Among the issues to be discussed are earlier resolutions relating to Internet Protocol based networks, ITU's role with regard to international public policy issues pertaining to the Internet and the management of Internet resources, including domain names and addresses, and roles of administrations of member states in the management of internationalized (multilingual) domain names.
There was also concern at the WCIT on the effects of the treaty, with some observers and participants in the discussions worried that provisions on security and spam will give some countries cover to censor Web content. Some analysts though argued that countries that want to censor the Internet already do so within their own borders.
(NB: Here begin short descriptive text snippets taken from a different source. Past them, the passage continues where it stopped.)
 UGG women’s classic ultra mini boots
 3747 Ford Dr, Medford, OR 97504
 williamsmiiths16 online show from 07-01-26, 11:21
The U.S., U.K. and some other delegations to the conference did not sign the treaty as they were worried at the outset about provisions on Internet governance and content. The U.S. and its allies maintained that the ITU, a telecommunications body, should have no role in the regulation of the Internet.
89 signatory countries representing not just most of the world's people, but an even greater majority of the world's unconnected people have signed the treaty at the WCIT, Touré said on Wednesday. Other countries can accede to the treaty between now and when it comes into force in January 2015. "Indeed we already have a number of countries that have requested details on how they should go about acceding to the treaty," Touré said.
Much of the management of the Internet, including its numbering and naming system is currently in the hands of the Internet Corporation for Assigned Names and Numbers (ICANN) under contract with the U.S. government. There have been demands that the U.S. should cut its funding to the ITU.